6

I'm playing the iPhone/Steam game Hero Academy. It's a bit like Chess, except there's some randomness, and at the beginning of a game players choose what team they'll use, each with different strengths and weaknesses. Both players can pick the same team.

About 400 of us play in an unofficial league, where we record our games online for Elo rankings. I'm not sure how many are active players, though.

I have the win/loss record for every matchup between the four teams. Draws are very rare. The rarest matchup has 143 games; the most-common matchup has 260. There are 3,234 games in the database.

What is the appropriate test for determining whether the teams are of equal strength?

Let's assume that rock-paper-scissors imbalances are undesirable. That is, if Team A beats Team B which beats Team C which beats Team A, we have an imbalanced game. Every matchup should be fair.

A complication is that many players have preferred teams, so that if Team A is very popular among top players, it'll appear stronger. I suspect we'll have to ignore this effect for now.

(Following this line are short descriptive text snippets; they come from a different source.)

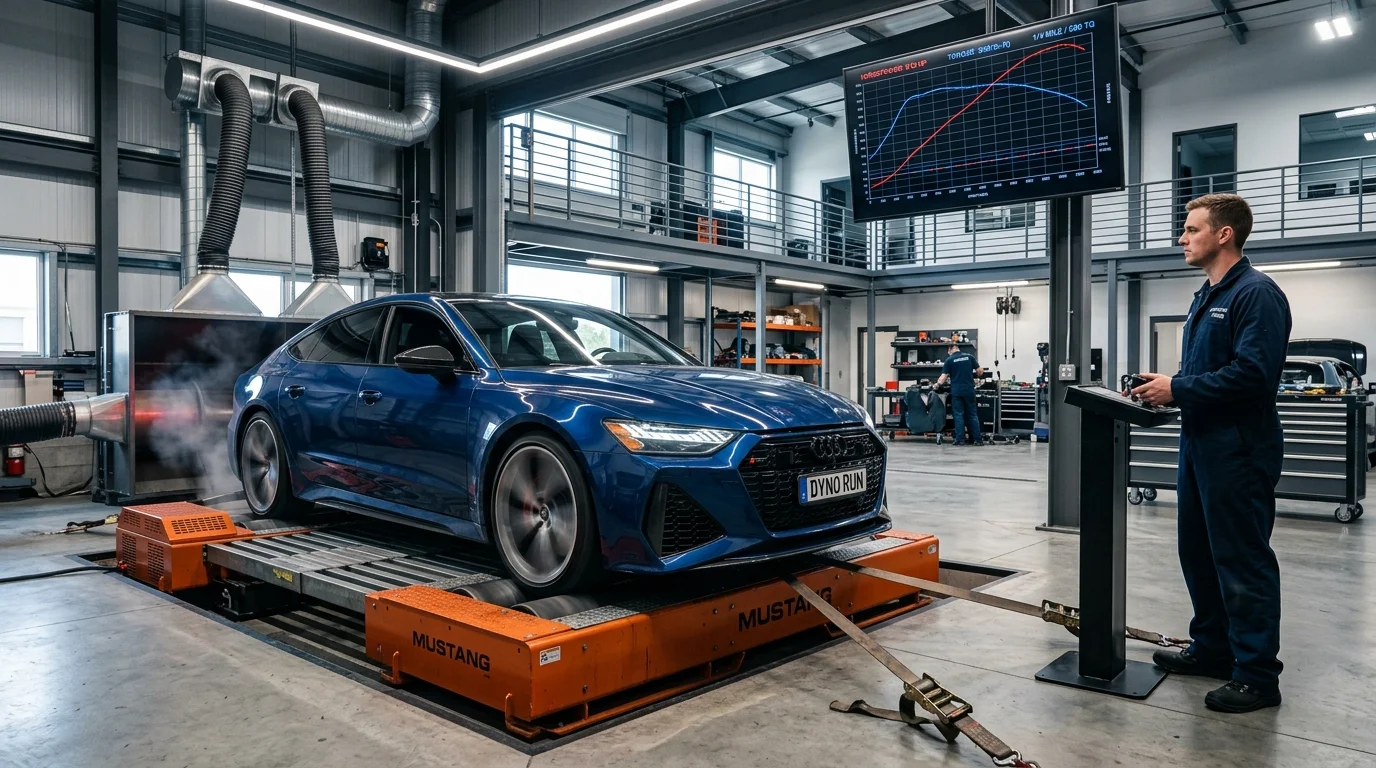 Dyno Performans Testi: Aracın Gerçek Gücü Nedir? Krank ve Tekerlek Kayıpları
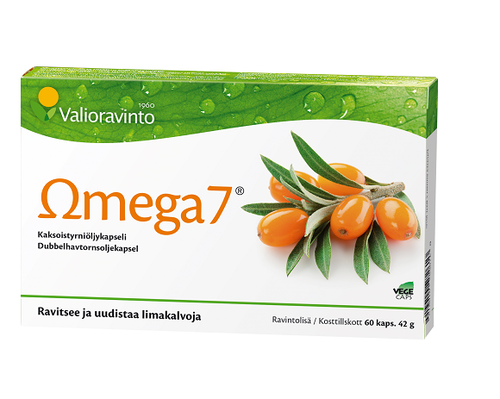 Omega7-kaksoistyrniöljykapseli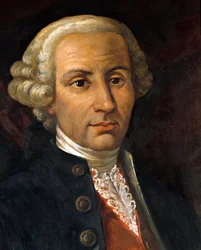 ナポリの作曲家、フランチェスコ・デュランテ（1684-1755）の肖像 無名の絵画。18世紀 ボローニャ、シヴィコ・ミュゼオ・ビブリオテカ・ミュジカーレ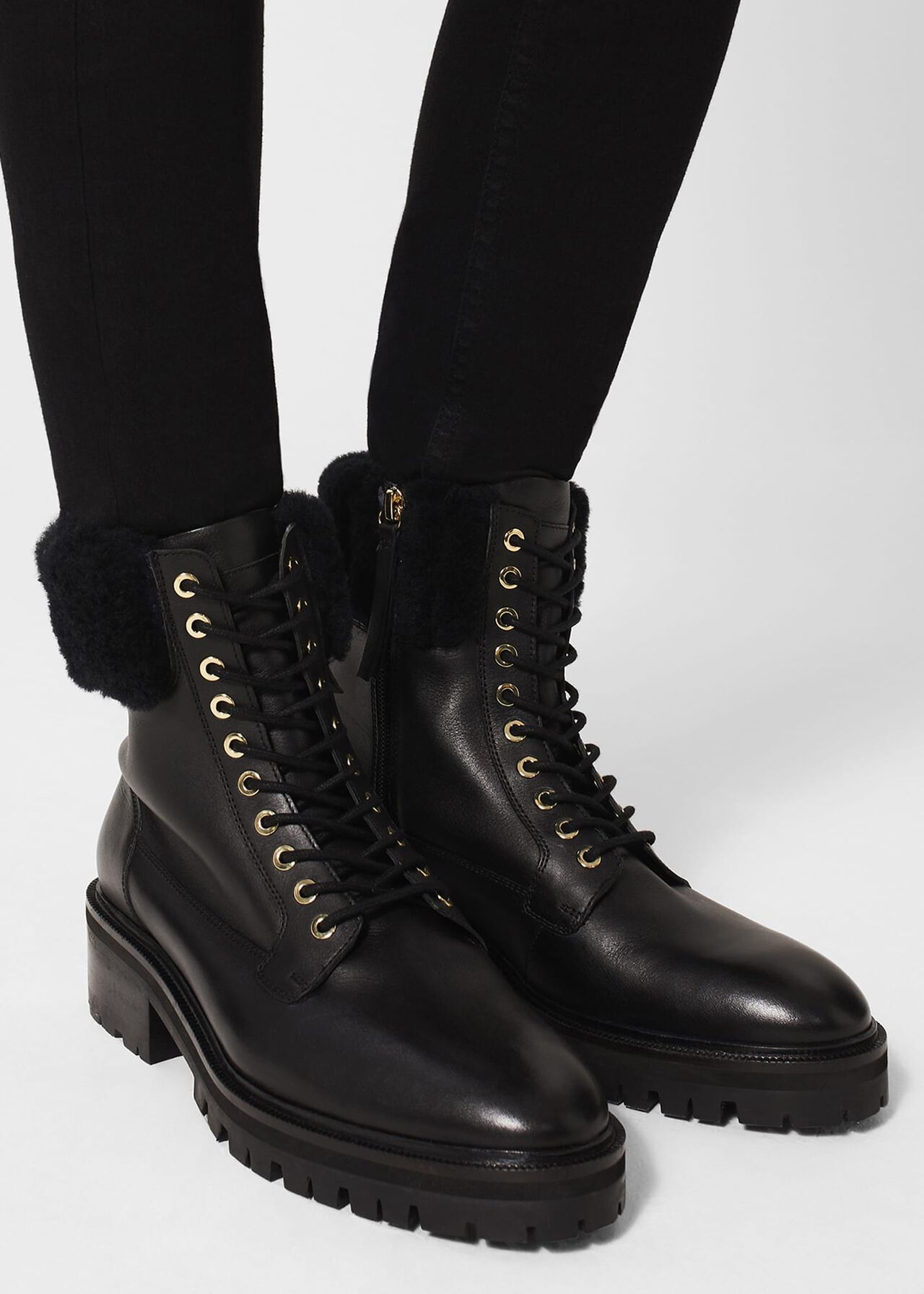 Dani Ankle Boot, Black, hi-res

Another complication is that there's a slight advantage to going first, despite our efforts to ameliorate this with a handicap. Let's ignore this effect as well.

warbaker
  • 161
  • 3
  • 1
    Do most players always play with the *same* team or is there a (considerable) amount of variation in the team selection even for a single ("prototypical") participant? – cardinal Aug 28 '12 at 19:06
  • When you define imbalance are you speaking about individual games or head-to-head win-loss records? If it is individual games it should be expected to happen occasionally. What does detect imbalance mean? Isn't imbalance something you can simply observe from the database? – Michael R. Chernick Aug 28 '12 at 19:06
  • @Michael I mean statistically significant imbalance at, say, 95% confidence. Just because a Team A wins 70 of 150 matches against Team B doesn't necessarily mean we know Team A is disfavored in the matchup -- it could be chance, especially if we only noticed that imbalance when looking at one of the twelve matchups. – warbaker Aug 28 '12 at 20:01
  • 1
    @cardinal Some players play only one team, others play a couple, and some use a randomizer built into the game. I'm not sure of the ratios. – warbaker Aug 28 '12 at 20:03
  • I don't see how it is relevant that intransitive imbalances are "undesirable." They exist in many games, and you should use a test which doesn't ignore the possibility. – Douglas Zare Aug 28 '12 at 20:52
  • Assuming that there are scores (sorry I am not aware of the background of the game), you could setup a least squares based spreadsheet in Excel with Team Ratings as a variable to effectively derive a power rating for each team e.g. something a bit like this but you could have starting first instead of a home edge: http://office.microsoft.com/en-us/excel-help/using-solver-to-rate-sports-teams-HA001124601.aspx - my concern would be though surely it's the player who's playing the team that makes the difference (e.g. a strong player with Team A is better than a weak player with Team A?). – user8812 Aug 29 '12 at 21:51
  • @DouglasZare Intransitive imbalances aren't as bad as a team trouncing every other team, but they're still bad. You don't want the outcome of a match decided by the pre-game team selection, which is essentially rock-paper-scissors if there are intransitive imbalances. – warbaker Aug 30 '12 at 00:11
  • In other games, trying to outpick your opponent is considered part of the game. – Douglas Zare Aug 30 '12 at 00:32
  • @DouglasZare That's true, but not so much in this one. Anyway, it's interesting to test both kinds of imbalance. Honestly, I'd think it'd be easier to test imbalance without caring whether the imbalance is transitive. – warbaker Aug 30 '12 at 21:08

1 Answers1

4

I think it's a bad idea to ignore the strengths of the players, but it may be hard to completely separate the possible flaws in the rating system from the possible advantages of one option versus another.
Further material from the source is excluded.